REQUIRED ACTION ▸ The answer must consist solely of the lines below starting at the one containing "aerial view of" and ending at the one containing "This open-plan living", repeated exactly, with both ends included and all pictures omitted.

THE DATA ▸
+++
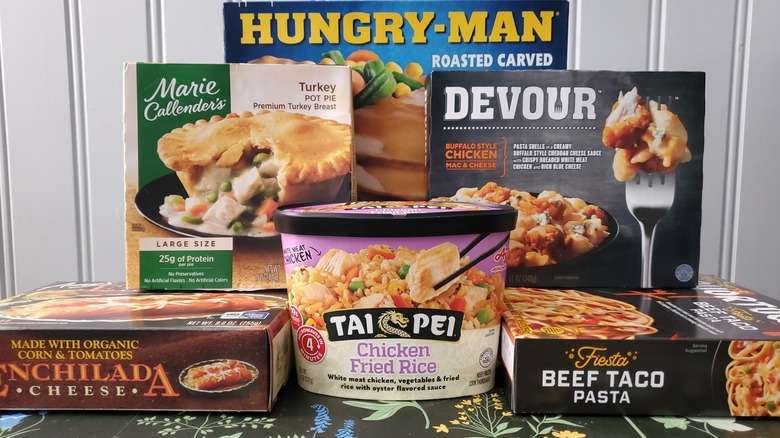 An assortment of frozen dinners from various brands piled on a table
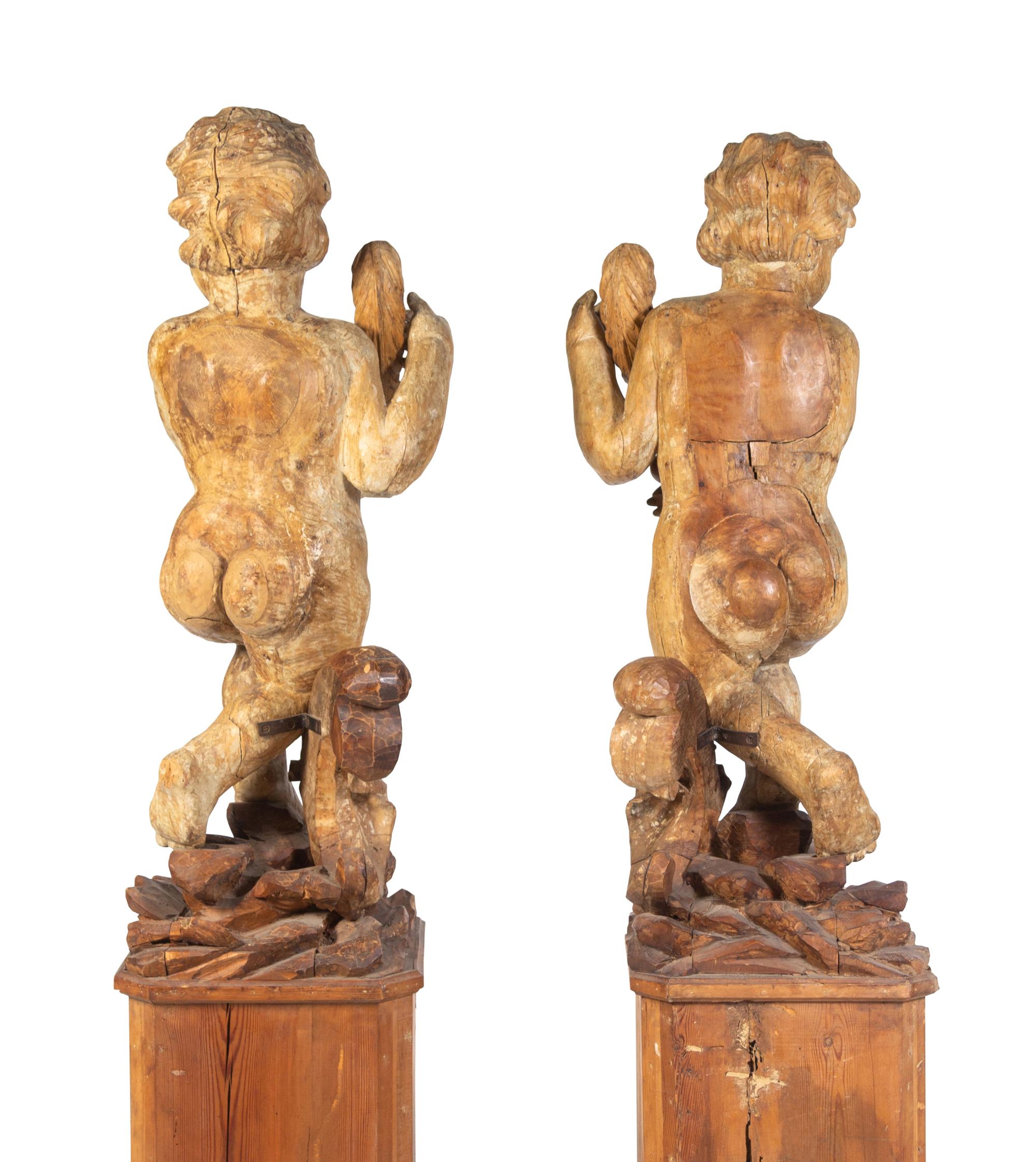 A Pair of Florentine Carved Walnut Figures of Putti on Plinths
+++
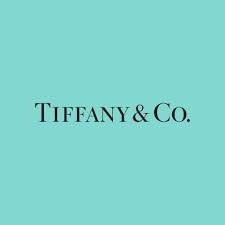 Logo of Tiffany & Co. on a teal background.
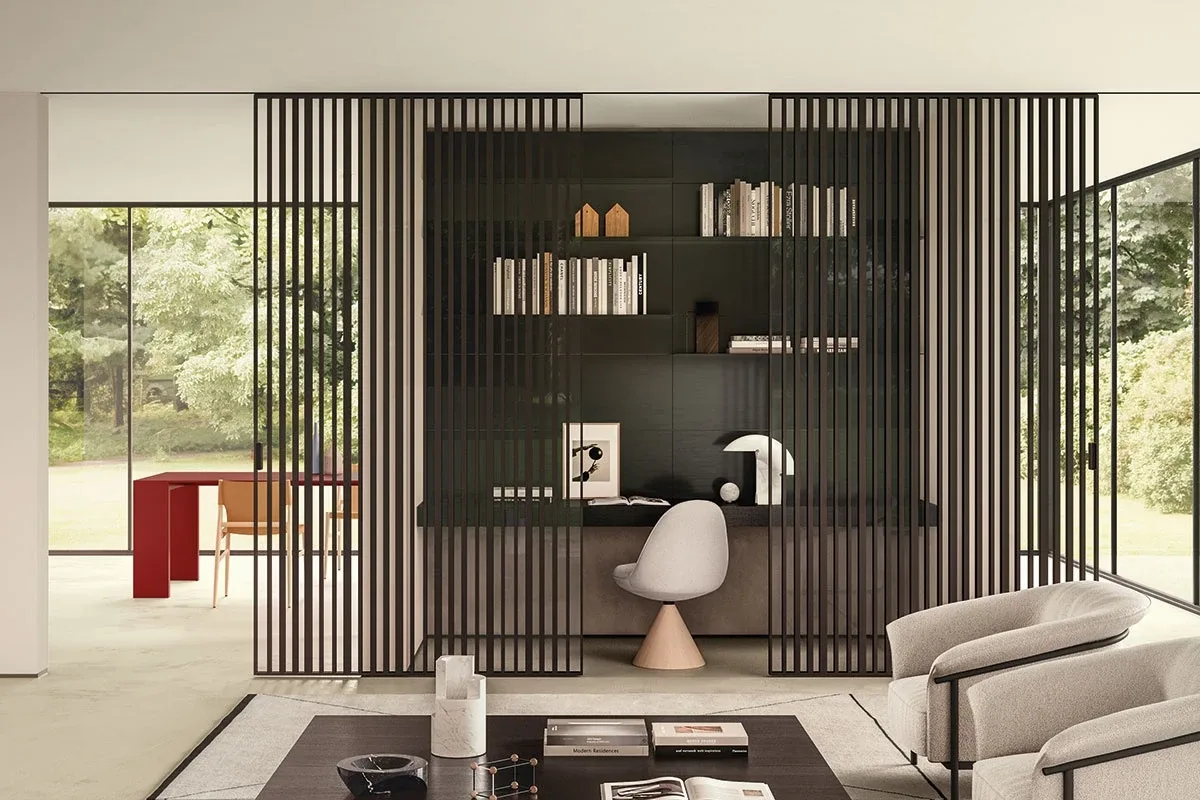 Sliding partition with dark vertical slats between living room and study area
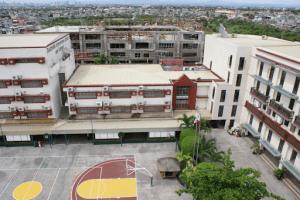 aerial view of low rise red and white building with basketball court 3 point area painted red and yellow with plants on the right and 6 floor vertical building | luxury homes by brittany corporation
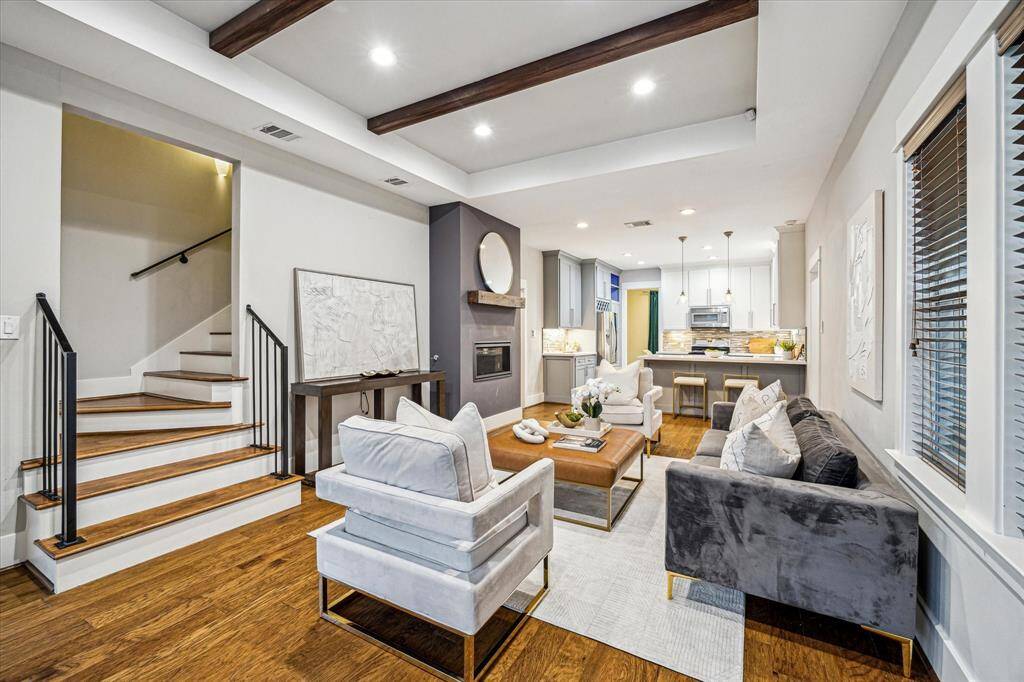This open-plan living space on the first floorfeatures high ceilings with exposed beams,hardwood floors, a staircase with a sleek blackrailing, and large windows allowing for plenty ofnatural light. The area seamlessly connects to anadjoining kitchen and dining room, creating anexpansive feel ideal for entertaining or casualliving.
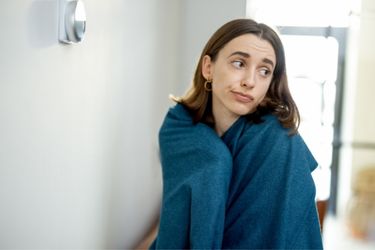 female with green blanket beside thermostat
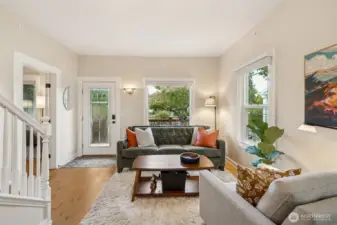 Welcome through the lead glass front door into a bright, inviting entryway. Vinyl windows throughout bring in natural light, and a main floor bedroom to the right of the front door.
+++
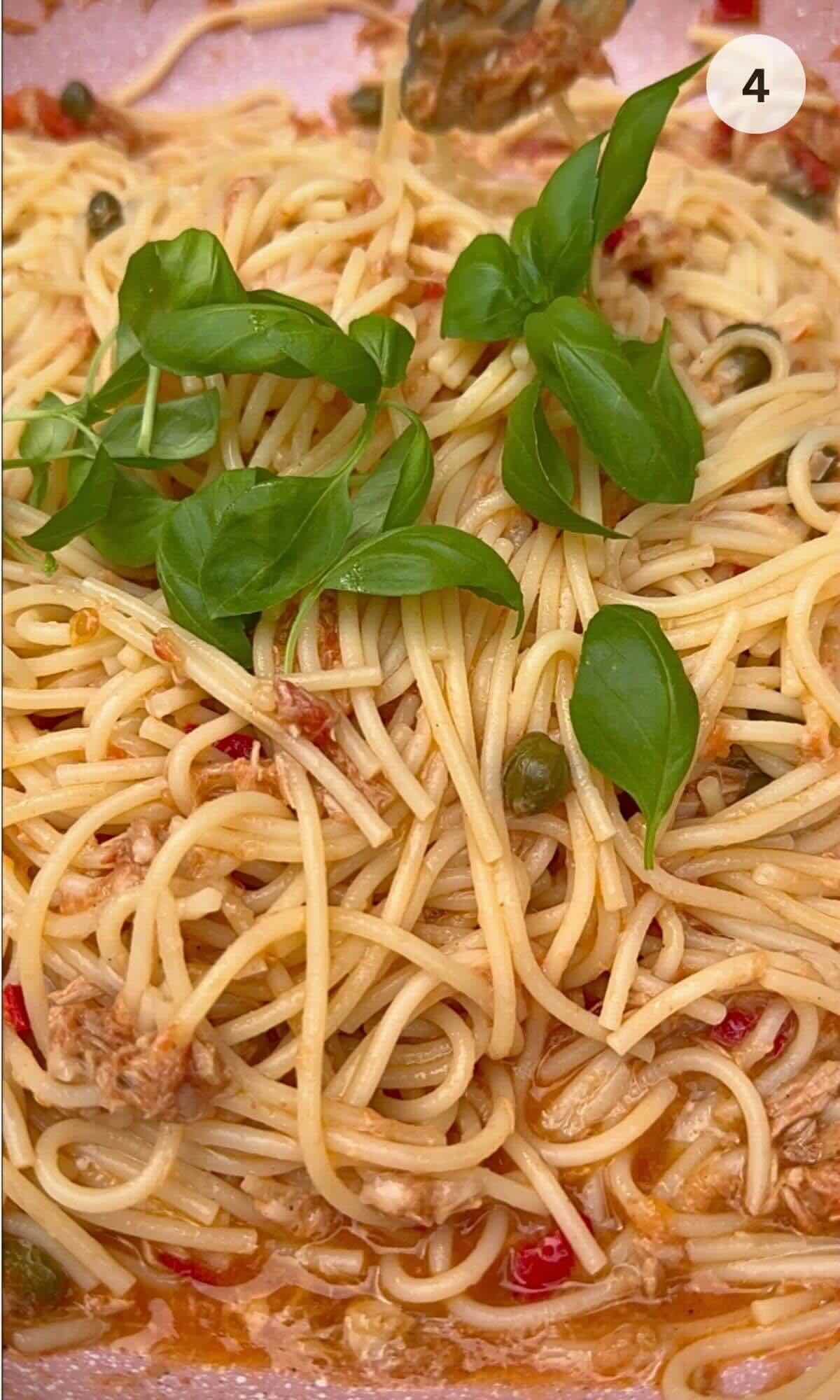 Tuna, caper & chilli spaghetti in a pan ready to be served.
+++
REPLY ▸
 aerial view of low rise red and white building with basketball court 3 point area painted red and yellow with plants on the right and 6 floor vertical building | luxury homes by brittany corporation
This open-plan living space on the first floorfeatures high ceilings with exposed beams,hardwood floors, a staircase with a sleek blackrailing, and large windows allowing for plenty ofnatural light. The area seamlessly connects to anadjoining kitchen and dining room, creating anexpansive feel ideal for entertaining or casualliving.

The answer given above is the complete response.